Description
This article describes how to resolve a FortiAP showing as Offline/Down.
Scope
FortiGate, FortiAP.
Solution
When managed FortiAPs unexpectedly show as down, take the following steps:
Step 1: Check the system ARP and confirm all APs are receiving the IP. It can also be verified on the DHCP monitor page on the GUI.
get system arp
If FortiAPs are not getting DHCP IP addresses, make sure the DHCP Server is enabled on the interface and VLAN to which the FortiAPs are connected. If the FortiAPs are connected via a FortiSwitch, make sure the FortiSwitch port has the correct native VLAN.

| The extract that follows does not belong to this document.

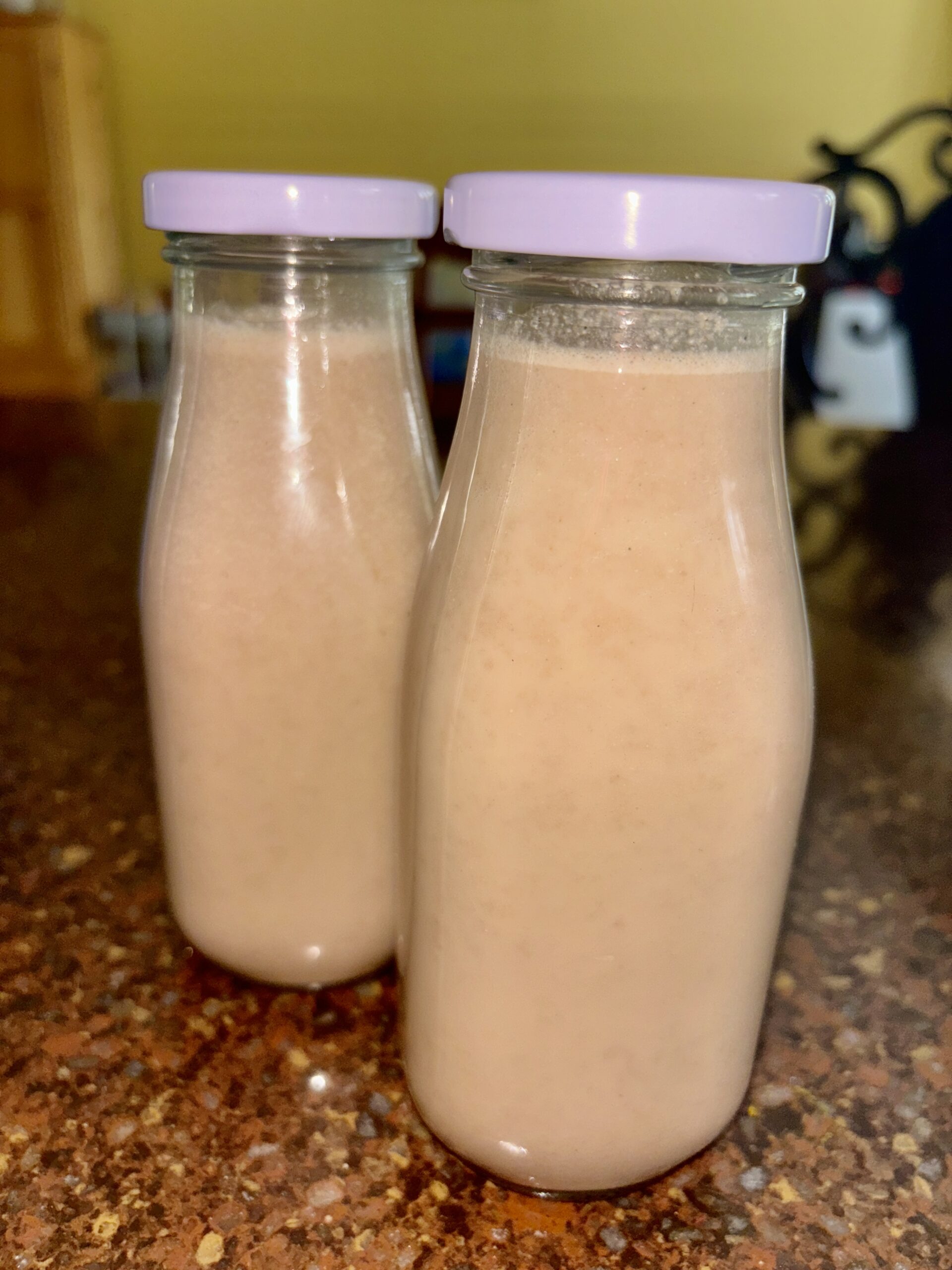 homemade Jamaican milo recipe in 2 small milk bottles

The following images provide an example for enabling DHCP on the VLAN interface designated for FortiAP management and how to assign the native VLAN on FortiSwitch to the interface connecting the FortiAP:
If FortiAP still cannot get an IP address, collect DHCP debug logs as outlined in Technical Tip: Diagnosing DHCP on a FortiGate.
Step 2: Run the following debug command to check if the reason is N/A, as in the example output below, to check the down/failure reason if it is N/A, as in the example output:
diagnose wireless-controller wlac -c wtp
image download progress: 0
last failure : 8 -- Control message maximal retransmission limit reached
last failure param: N/A
last failure time: Thurs Sep 08 12:18:46 2022
This command is generally used to diagnose or retrieve detailed information related to the Wireless Termination Points (essentially the managed access points) on the FortiGate device. The exact output would depend on the FortiOS version and the specific issues or configurations related to the WTPs. In general, it should provide insights into the status, configurations, or potential problems with the connected access points.

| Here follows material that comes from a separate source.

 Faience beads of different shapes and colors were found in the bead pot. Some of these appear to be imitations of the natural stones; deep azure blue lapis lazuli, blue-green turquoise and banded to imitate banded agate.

Step 3: Pick one IP from the ARP table and confirm connectivity through SSH to FortiAP from FortiGate CLI.
execute ssh <user@host> [port]
Step 4: Run the following sniffer to see if FortiGate is responding or not.
diagnose sniffer packet <interface_name> "port 5246" 6 0 l
If FortiGate is not responding, enable Security Fabric Connection in Network -> Interfaces -> Administrative Access, as it is a minimum management requirement that FortiAP establishes a CAPWAP tunnel with the FortiGate.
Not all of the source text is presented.